### Exercise brief
The full set of records below is to be reproduced without a single alteration.
----- Provided entries
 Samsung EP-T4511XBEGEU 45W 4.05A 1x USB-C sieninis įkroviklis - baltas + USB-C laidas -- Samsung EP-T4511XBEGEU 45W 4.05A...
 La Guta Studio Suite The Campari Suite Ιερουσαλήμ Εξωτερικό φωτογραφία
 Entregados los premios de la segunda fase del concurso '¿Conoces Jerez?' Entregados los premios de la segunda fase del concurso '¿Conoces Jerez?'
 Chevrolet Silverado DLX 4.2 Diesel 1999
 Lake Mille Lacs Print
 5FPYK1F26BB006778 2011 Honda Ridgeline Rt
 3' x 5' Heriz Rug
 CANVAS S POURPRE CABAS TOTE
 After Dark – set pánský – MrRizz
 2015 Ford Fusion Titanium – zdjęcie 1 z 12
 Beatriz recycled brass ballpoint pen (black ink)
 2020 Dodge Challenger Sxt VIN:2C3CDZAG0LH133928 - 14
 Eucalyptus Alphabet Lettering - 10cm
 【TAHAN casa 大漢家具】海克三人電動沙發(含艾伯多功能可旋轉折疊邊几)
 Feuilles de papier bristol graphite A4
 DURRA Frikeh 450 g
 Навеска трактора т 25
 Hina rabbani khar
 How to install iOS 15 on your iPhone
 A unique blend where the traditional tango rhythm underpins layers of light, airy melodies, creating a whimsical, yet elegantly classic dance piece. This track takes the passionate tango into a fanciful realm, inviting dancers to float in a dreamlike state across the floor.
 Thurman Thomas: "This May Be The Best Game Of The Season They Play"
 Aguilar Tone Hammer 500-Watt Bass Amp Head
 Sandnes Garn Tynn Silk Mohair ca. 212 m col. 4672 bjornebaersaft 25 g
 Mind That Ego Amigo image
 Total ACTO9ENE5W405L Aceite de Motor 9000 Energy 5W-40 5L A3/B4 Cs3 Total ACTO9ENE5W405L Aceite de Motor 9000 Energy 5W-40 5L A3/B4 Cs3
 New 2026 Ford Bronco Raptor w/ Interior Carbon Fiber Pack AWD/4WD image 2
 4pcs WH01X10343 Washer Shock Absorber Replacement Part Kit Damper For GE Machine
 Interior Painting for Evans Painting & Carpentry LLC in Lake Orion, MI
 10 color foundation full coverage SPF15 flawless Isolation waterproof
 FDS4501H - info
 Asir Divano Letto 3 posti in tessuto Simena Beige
----------
### Written response
 Samsung EP-T4511XBEGEU 45W 4.05A 1x USB-C sieninis įkroviklis - baltas + USB-C laidas -- Samsung EP-T4511XBEGEU 45W 4.05A...
 La Guta Studio Suite The Campari Suite Ιερουσαλήμ Εξωτερικό φωτογραφία
 Entregados los premios de la segunda fase del concurso '¿Conoces Jerez?' Entregados los premios de la segunda fase del concurso '¿Conoces Jerez?'
 Chevrolet Silverado DLX 4.2 Diesel 1999
 Lake Mille Lacs Print
 5FPYK1F26BB006778 2011 Honda Ridgeline Rt
 3' x 5' Heriz Rug
 CANVAS S POURPRE CABAS TOTE
 After Dark – set pánský – MrRizz
 2015 Ford Fusion Titanium – zdjęcie 1 z 12
 Beatriz recycled brass ballpoint pen (black ink)
 2020 Dodge Challenger Sxt VIN:2C3CDZAG0LH133928 - 14
 Eucalyptus Alphabet Lettering - 10cm
 【TAHAN casa 大漢家具】海克三人電動沙發(含艾伯多功能可旋轉折疊邊几)
 Feuilles de papier bristol graphite A4
 DURRA Frikeh 450 g
 Навеска трактора т 25
 Hina rabbani khar
 How to install iOS 15 on your iPhone
 A unique blend where the traditional tango rhythm underpins layers of light, airy melodies, creating a whimsical, yet elegantly classic dance piece. This track takes the passionate tango into a fanciful realm, inviting dancers to float in a dreamlike state across the floor.
 Thurman Thomas: "This May Be The Best Game Of The Season They Play"
 Aguilar Tone Hammer 500-Watt Bass Amp Head
 Sandnes Garn Tynn Silk Mohair ca. 212 m col. 4672 bjornebaersaft 25 g
 Mind That Ego Amigo image
 Total ACTO9ENE5W405L Aceite de Motor 9000 Energy 5W-40 5L A3/B4 Cs3 Total ACTO9ENE5W405L Aceite de Motor 9000 Energy 5W-40 5L A3/B4 Cs3
 New 2026 Ford Bronco Raptor w/ Interior Carbon Fiber Pack AWD/4WD image 2
 4pcs WH01X10343 Washer Shock Absorber Replacement Part Kit Damper For GE Machine
 Interior Painting for Evans Painting & Carpentry LLC in Lake Orion, MI
 10 color foundation full coverage SPF15 flawless Isolation waterproof
 FDS4501H - info
 Asir Divano Letto 3 posti in tessuto Simena Beige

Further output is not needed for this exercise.